Velocity Reviews - Computer Hardware Reviews

Velocity Reviews > Newsgroups > Programming > Java > SortedSet faster than Collections.sort()

Reply
Thread Tools

SortedSet faster than Collections.sort()

 
 
Timo Nentwig
Guest
Posts: n/a
 
      02-24-2005
Hi!

Is a TreeSet faster than port-sorting an ArrayList? According to some rough
benchmarking I did it is by the factor of Collections.sort() but this
benchmark was not done under reliable circumstances.

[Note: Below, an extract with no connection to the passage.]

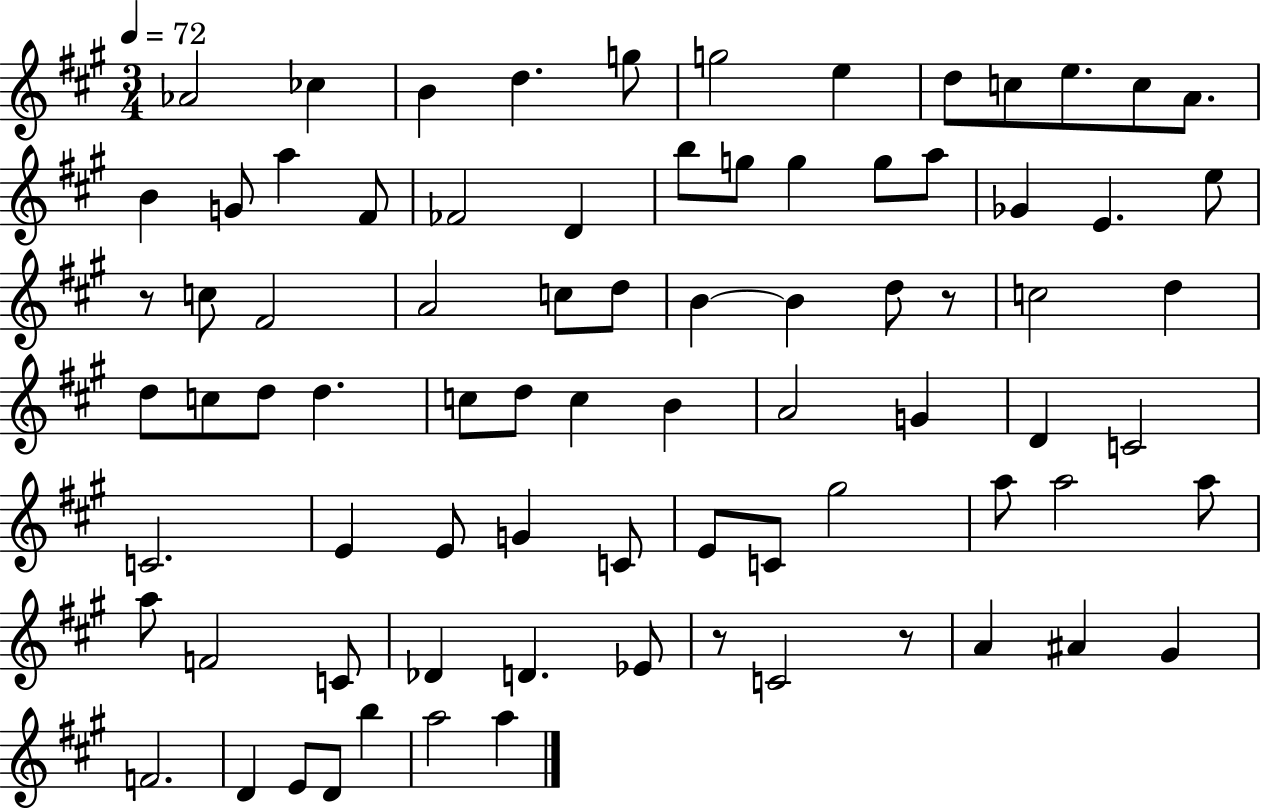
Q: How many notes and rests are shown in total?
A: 80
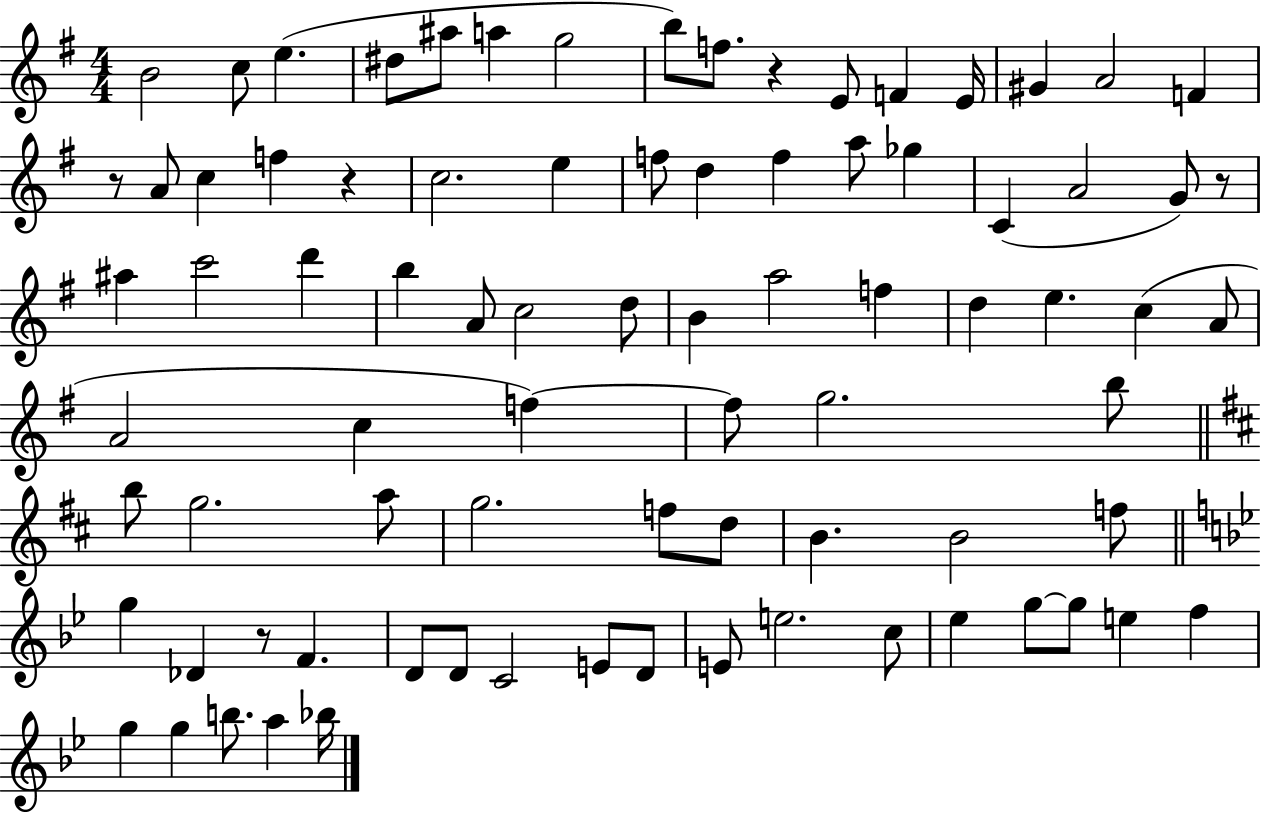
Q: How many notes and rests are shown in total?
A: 83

Why can't I set an initial size for a TreeSet?


 
Reply With Quote
 
 
 
 
John C. Bollinger
Guest
Posts: n/a
 
      02-24-2005
Timo Nentwig wrote:

> Hi!
>
> Is a TreeSet faster than port-sorting an ArrayList? According to some rough
> benchmarking I did it is by the factor of Collections.sort() but this
> benchmark was not done under reliable circumstances.


TreeSet has to maintain its internal order, including keeping its tree
balanced, with every addition. This can be tremendously slower than
putting the same objects in a List and sorting them once, and we have
seen it to be so, given enough elements in the set. On the other hand,
it's already sorted whenever you need it.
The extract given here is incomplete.